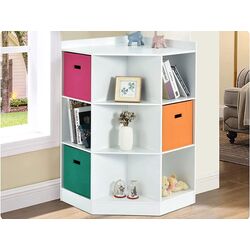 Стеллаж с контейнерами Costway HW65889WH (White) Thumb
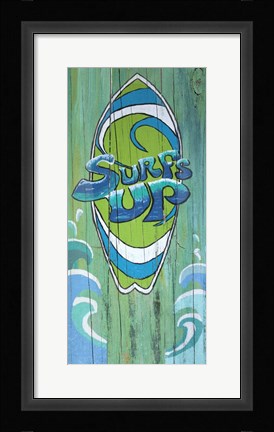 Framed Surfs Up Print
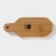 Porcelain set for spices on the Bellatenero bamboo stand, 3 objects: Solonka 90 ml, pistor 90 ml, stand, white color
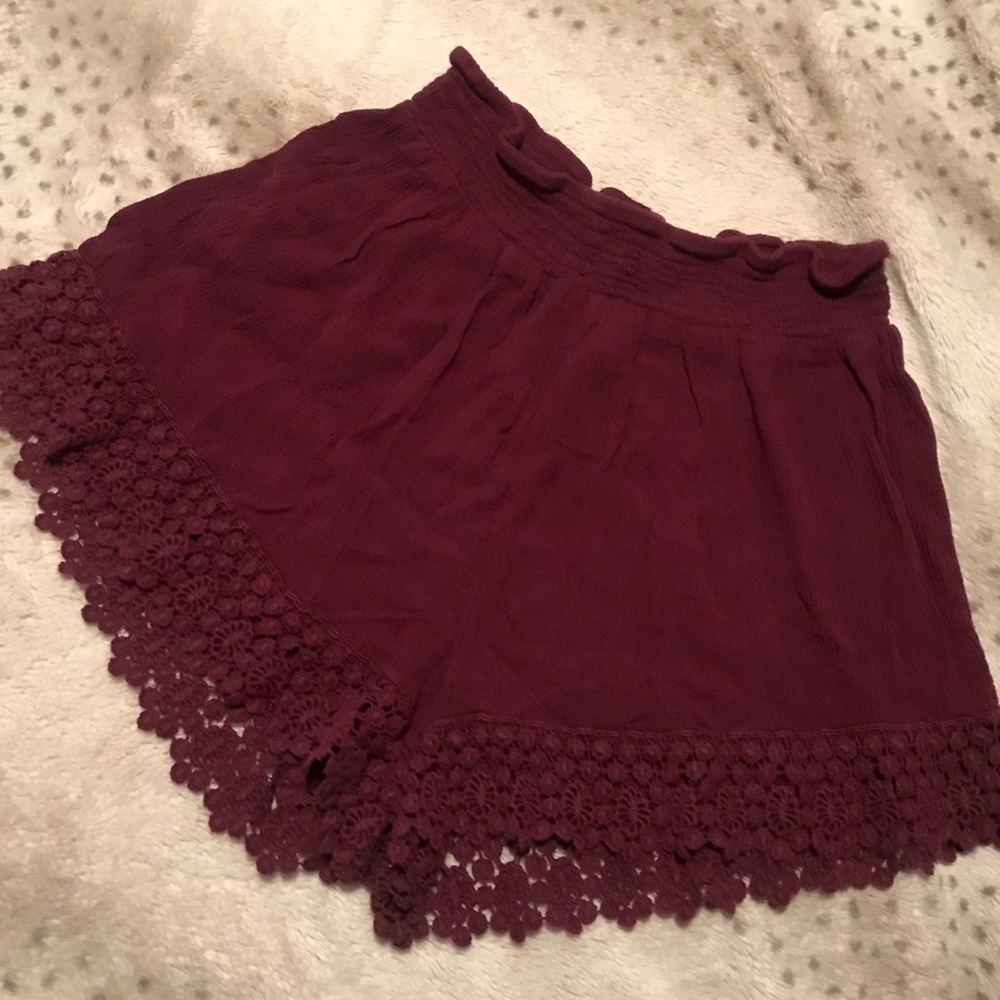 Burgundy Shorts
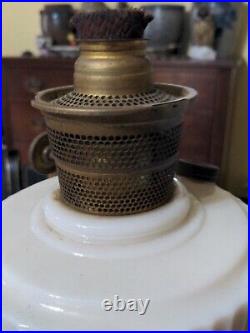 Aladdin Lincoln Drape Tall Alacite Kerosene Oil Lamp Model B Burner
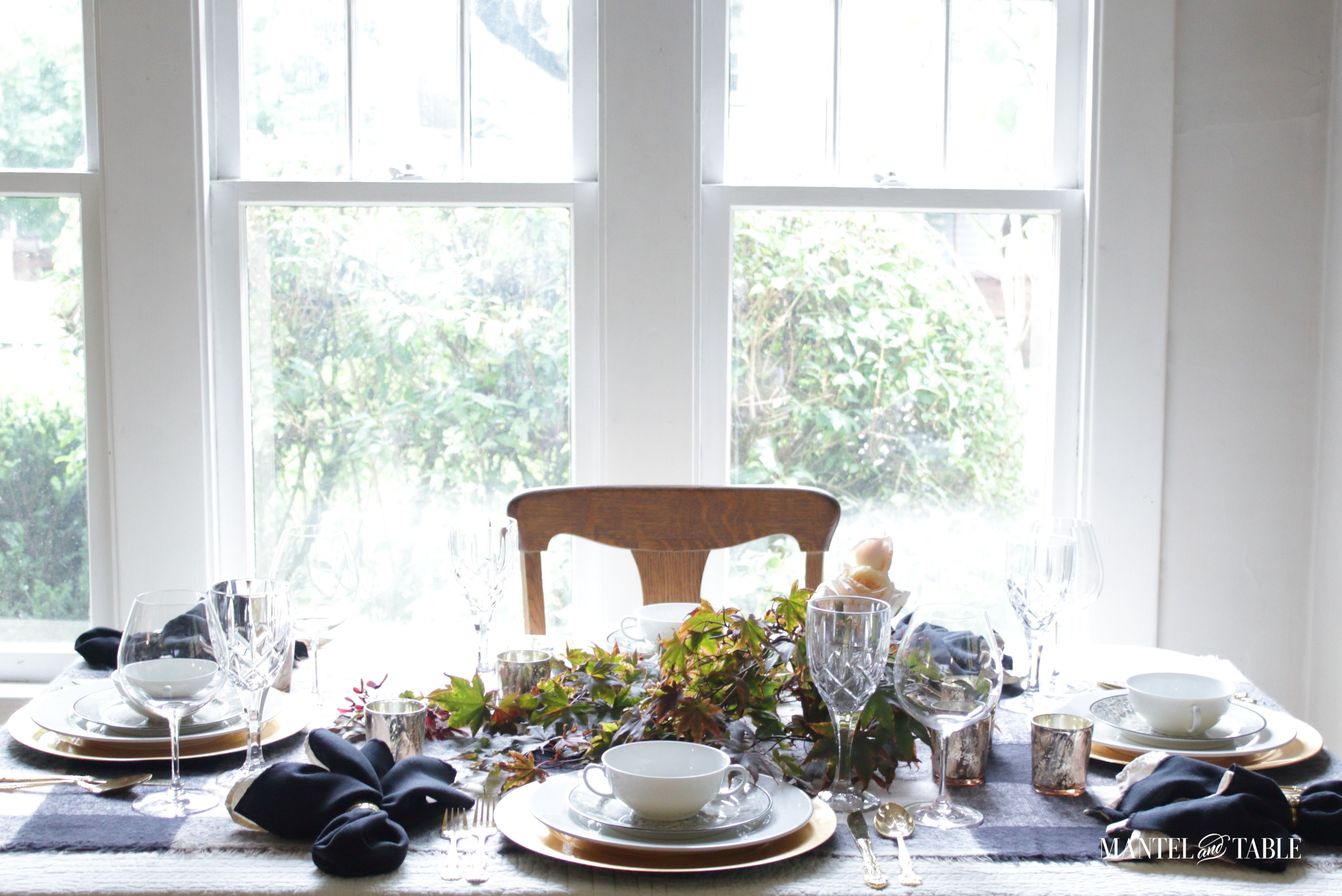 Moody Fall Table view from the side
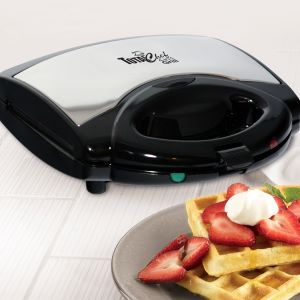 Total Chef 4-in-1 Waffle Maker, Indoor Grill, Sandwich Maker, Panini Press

____________________

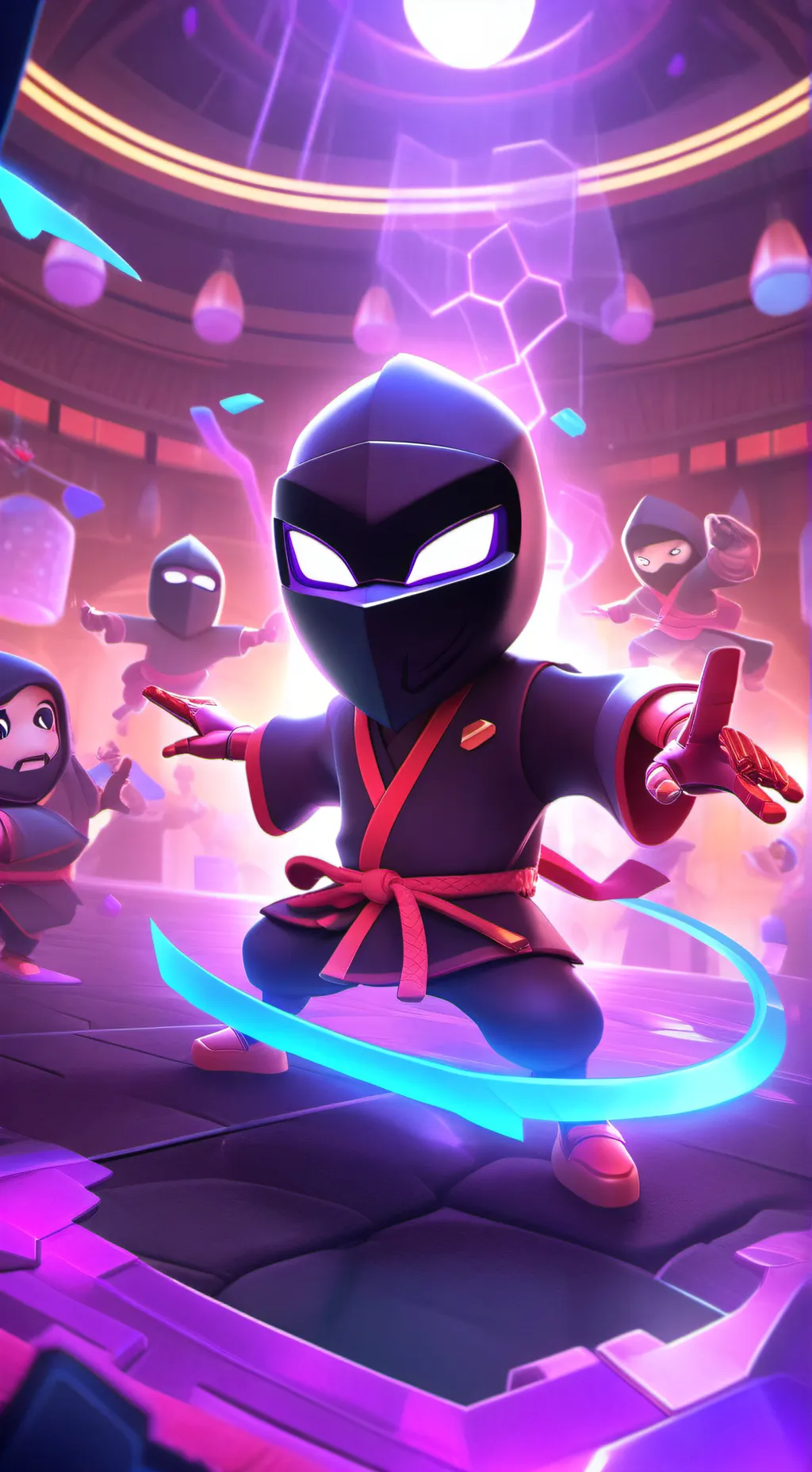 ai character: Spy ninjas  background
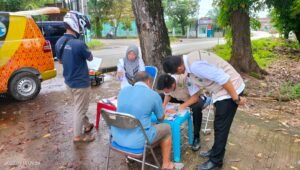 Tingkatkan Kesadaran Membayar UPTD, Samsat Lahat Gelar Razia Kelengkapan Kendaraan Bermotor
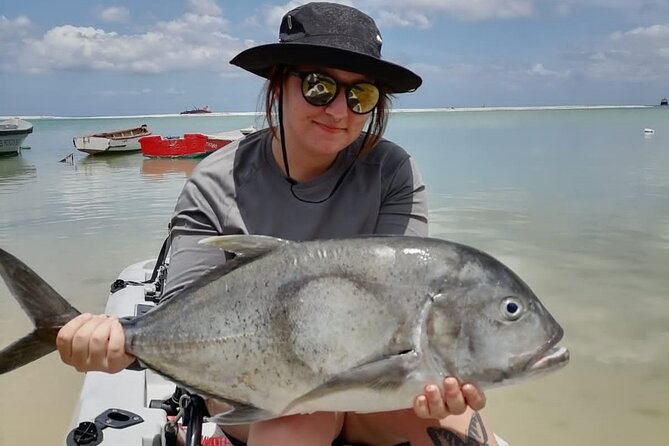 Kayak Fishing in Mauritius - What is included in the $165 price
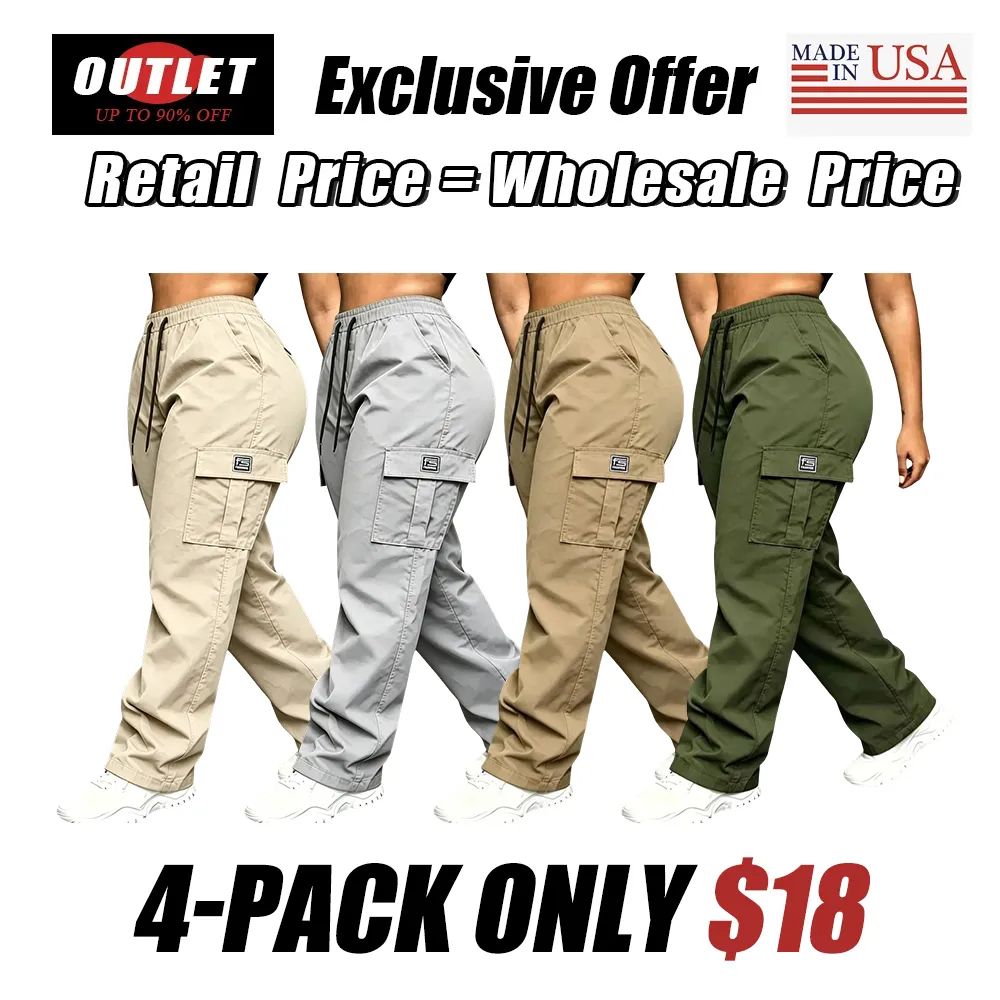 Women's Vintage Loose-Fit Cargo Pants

____________________

AIM OF THE EXERCISE> Write back the stretch of lines above that begins with the line holding "Porcelain set for" and ends with the line holding "Total Chef 4-in-1", both included, exactly as written. Pictures stay out.

RESULT OF THE EXERCISE>
 Porcelain set for spices on the Bellatenero bamboo stand, 3 objects: Solonka 90 ml, pistor 90 ml, stand, white color
 Burgundy Shorts
 Aladdin Lincoln Drape Tall Alacite Kerosene Oil Lamp Model B Burner
 Moody Fall Table view from the side
 Total Chef 4-in-1 Waffle Maker, Indoor Grill, Sandwich Maker, Panini Press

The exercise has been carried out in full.